Collected data:
· · · · · · ·
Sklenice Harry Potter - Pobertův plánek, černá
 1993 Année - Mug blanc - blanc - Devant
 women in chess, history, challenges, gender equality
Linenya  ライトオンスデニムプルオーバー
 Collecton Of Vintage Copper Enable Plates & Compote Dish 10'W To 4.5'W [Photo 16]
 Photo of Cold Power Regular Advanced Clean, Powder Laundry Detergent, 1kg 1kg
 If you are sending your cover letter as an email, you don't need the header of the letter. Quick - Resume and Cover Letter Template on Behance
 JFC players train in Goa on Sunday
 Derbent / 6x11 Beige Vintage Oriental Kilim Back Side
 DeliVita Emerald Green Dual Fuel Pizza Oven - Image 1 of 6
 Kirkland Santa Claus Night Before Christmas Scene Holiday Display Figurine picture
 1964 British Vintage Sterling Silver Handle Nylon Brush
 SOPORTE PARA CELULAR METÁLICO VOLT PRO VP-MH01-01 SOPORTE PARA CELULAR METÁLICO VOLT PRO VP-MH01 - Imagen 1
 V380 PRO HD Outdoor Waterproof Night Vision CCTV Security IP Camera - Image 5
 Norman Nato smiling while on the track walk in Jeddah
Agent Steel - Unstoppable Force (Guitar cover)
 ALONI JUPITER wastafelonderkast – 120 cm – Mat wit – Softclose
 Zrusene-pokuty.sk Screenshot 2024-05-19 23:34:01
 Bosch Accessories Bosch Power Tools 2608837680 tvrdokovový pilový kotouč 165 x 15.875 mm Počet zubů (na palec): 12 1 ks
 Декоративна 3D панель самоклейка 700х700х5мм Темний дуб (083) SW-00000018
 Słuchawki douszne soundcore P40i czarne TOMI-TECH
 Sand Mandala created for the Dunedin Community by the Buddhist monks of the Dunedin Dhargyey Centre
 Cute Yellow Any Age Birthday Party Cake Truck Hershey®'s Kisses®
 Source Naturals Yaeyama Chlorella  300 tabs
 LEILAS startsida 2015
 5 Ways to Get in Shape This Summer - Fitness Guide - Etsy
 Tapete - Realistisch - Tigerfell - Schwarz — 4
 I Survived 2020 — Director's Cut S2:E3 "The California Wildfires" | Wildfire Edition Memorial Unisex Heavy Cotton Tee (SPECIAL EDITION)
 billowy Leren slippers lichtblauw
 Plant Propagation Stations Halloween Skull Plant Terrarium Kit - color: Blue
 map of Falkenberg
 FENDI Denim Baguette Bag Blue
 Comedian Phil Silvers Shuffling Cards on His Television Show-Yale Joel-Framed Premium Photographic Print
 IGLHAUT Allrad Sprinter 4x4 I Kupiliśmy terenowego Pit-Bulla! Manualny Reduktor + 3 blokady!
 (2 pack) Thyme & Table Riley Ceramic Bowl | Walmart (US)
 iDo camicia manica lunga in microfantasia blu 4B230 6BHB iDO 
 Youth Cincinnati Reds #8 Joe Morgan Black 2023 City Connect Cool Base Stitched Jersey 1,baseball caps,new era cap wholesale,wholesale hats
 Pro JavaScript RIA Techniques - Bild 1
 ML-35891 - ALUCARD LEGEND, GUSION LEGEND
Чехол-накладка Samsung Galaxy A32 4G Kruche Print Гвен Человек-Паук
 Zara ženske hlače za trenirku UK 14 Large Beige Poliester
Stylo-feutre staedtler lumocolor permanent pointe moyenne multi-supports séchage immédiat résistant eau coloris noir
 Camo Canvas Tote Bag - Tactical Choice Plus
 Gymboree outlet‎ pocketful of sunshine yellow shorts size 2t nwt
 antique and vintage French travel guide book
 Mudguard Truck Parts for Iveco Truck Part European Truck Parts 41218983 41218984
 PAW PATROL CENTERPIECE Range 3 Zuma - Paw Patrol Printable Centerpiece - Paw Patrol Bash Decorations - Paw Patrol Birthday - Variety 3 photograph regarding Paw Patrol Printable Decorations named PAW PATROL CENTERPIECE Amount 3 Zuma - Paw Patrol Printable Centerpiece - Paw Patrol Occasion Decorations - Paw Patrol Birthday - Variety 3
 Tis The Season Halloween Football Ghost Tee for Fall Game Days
· · · · · · ·
PROBLEM DETAILS: Among the records above, only the lines between the line holding "JFC players train in Goa on Sunday" and the line holding "Tapete - Realistisch", inclusive, are to be output, exactly as written.

EXERCISE SOLUTION:
 JFC players train in Goa on Sunday
 Derbent / 6x11 Beige Vintage Oriental Kilim Back Side
 DeliVita Emerald Green Dual Fuel Pizza Oven - Image 1 of 6
 Kirkland Santa Claus Night Before Christmas Scene Holiday Display Figurine picture
 1964 British Vintage Sterling Silver Handle Nylon Brush
 SOPORTE PARA CELULAR METÁLICO VOLT PRO VP-MH01-01 SOPORTE PARA CELULAR METÁLICO VOLT PRO VP-MH01 - Imagen 1
 V380 PRO HD Outdoor Waterproof Night Vision CCTV Security IP Camera - Image 5
 Norman Nato smiling while on the track walk in Jeddah
Agent Steel - Unstoppable Force (Guitar cover)
 ALONI JUPITER wastafelonderkast – 120 cm – Mat wit – Softclose
 Zrusene-pokuty.sk Screenshot 2024-05-19 23:34:01
 Bosch Accessories Bosch Power Tools 2608837680 tvrdokovový pilový kotouč 165 x 15.875 mm Počet zubů (na palec): 12 1 ks
 Декоративна 3D панель самоклейка 700х700х5мм Темний дуб (083) SW-00000018
 Słuchawki douszne soundcore P40i czarne TOMI-TECH
 Sand Mandala created for the Dunedin Community by the Buddhist monks of the Dunedin Dhargyey Centre
 Cute Yellow Any Age Birthday Party Cake Truck Hershey®'s Kisses®
 Source Naturals Yaeyama Chlorella  300 tabs
 LEILAS startsida 2015
 5 Ways to Get in Shape This Summer - Fitness Guide - Etsy
 Tapete - Realistisch - Tigerfell - Schwarz — 4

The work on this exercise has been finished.